The Quick-Reactor Cow

It’s all about the difference in being reactive versus proactive. The competition is being proactive and anticipating the changes in the business market before you are even aware of what’s going on. If you are spending your time reacting then you are wasting your time while your competition pulls away to win the prize. The analogy of catching a wave was used in Sacred Cows Make the Best Burgers. You have to watch the horizon, pick a set of swells, and begin paddling well before the wave is upon you, otherwise it will come crashing down on your head.

It is important to listen to the customer needs but if your actions are based on the customer’s need at the moment then how will you be producing a product they need in the future.  You have to look at the lives of your consumers. It isn’t terribly scientific nor does it require a special equation to predict the change. There are a few things you can look at to keep you in tune to your customers needs: 1. Demographic, sociographic, and psychographic trends of your customers; 2. Emerging social and cultural directions; and 3. Advances in technology (Kreigal, Brandt, p. 86).  

Change Driving for the quick-reactor cow is that “good companies react quickly to change; great companies create the change and move before the wave; change before you have to” (Kreigal, Brandt, 2011, p. 89).

The No-Mistakes Cow

The big mistake with trying to live a business life of no mistakes is innovation dies.  It is understandable that you don’t want to make a mistake. We are taught from childhood that mistakes are bad. Sometimes we are told they help us learn, but learning can be painful and costly. If the concern of making mistake begins to diminish innovation, creativity and original ideas then the possibility of gaining competitive edge goes along with it. (Kreigal, Brandt, pg. 90).  What is the cost benefit analysis here? Can you afford a few mistakes at the cost of growth? Would you rather play it safe and leave money and new developments to the competitor? Coca-cola CEO, Roberto Goizueta is quoted saying, “The moment you let avoiding failure become your motivator, you’re down the path of inactivity” (Kreigal, Brandt, 2011, p. 91). The super cautious and over analytical approach can mean that by the time you reach certainty and are ready to commit to the innovative idea the window of opportunity has closed and  your competitor has walked away with, not only your idea, but your money.

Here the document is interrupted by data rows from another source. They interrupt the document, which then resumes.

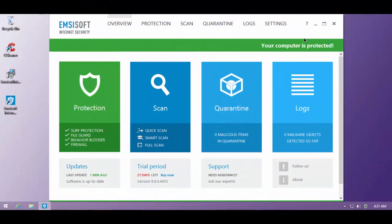Greetings everyone! This is the PC Security Channel and this is Emsisoft Internet Security version 9. So this is what it looks like.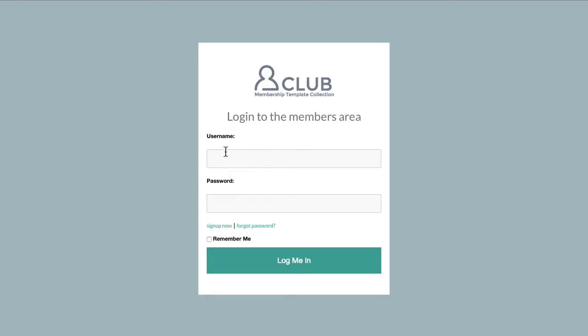We've included the members login element here so it automatically builds this login form area, and we've branded it with a nice big button as well in the same colours from our membership site.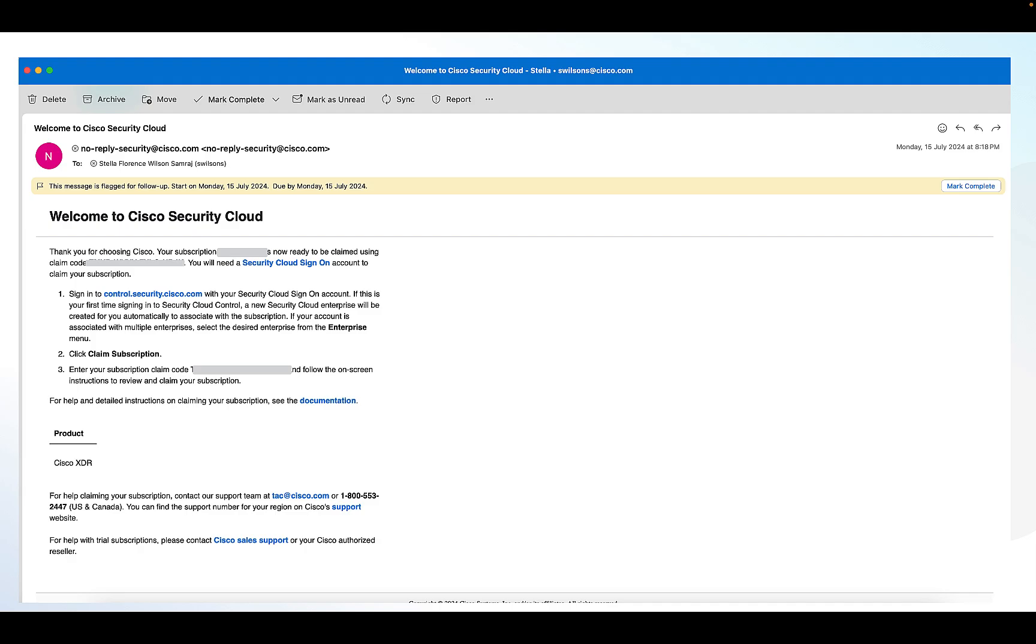To start with, you will have to have a security cloud sign-on account. With this, you can easily access many Cisco security products with one set of credentials from any device. All you have to do is to log into security cloud control with a security cloud sign-on account and claim your subscription. This subscription is given in the email.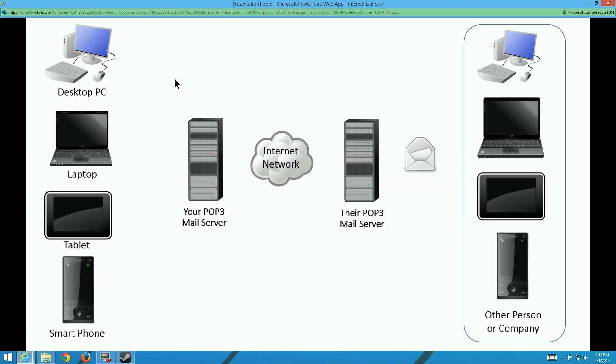Before we get started, there should be a discussion about the difference between a POP3 account and an IMAP account. The world has changed. IMAP is now the way to go, where it synchronizes your mail, instead of POP3 where messages just move from one PC to one server and you don't necessarily see them in all the other connected devices.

The no-mistakes cow comes along with it’s own change driving thinking. “Don’t penalize mistakes; reward good tries. The biggest mistake: not learning from mistakes and if you’re not making mistakes you’re not trying anything new” (Kreigal, Brandt, 2011, p. 98).

 

2 thoughts on “Identifying Sacred Cows Part 2 of 3

  1. Heather,
    I loved the “sacred cows” concepts you mentioned, and how these theories challenge outdated methods and concepts of innovating. It seems that the answer to the problem presented here is to consider the successes and problems with each “cow” model, creating a diverse “tool kit” to manage the struggles of innovation. Each example you’ve given harnesses the power of people in some way or another. So, the underlying theme here, (in my opinion), is that we can no longer consider profits over people, and that identifying with ALL stakeholders is crucial to success. Extensive research has proven that companies who honor a “quality-of-life” organizational model actually reap the reward of higher profits, despite focusing heavily on people and their experience. I really enjoyed reading this post!

    Like

  2. I like the section about giving your customers something they weren’t expecting. I am currently working on a toy and building a brand around that. I have created packaging for this toy, which is normally no more than a bag of a piece of plastic with cardboard on the back of it. You don’t expect to buy this item in a nice, well designed case. Yes, the case makes the cost of production go up a little bit, but the added value it provides means you can sell it for 2 or 3 times what your competitors are selling theirs for…and beat them in volume sales! Would you expect a padded cigar box for a fancy pen? Yes! But would you expect the same box for a highlighter? No! This can build value and create a cool fad that people like buying into. You could even create business fortunes and stick them inside each box, just like cookies!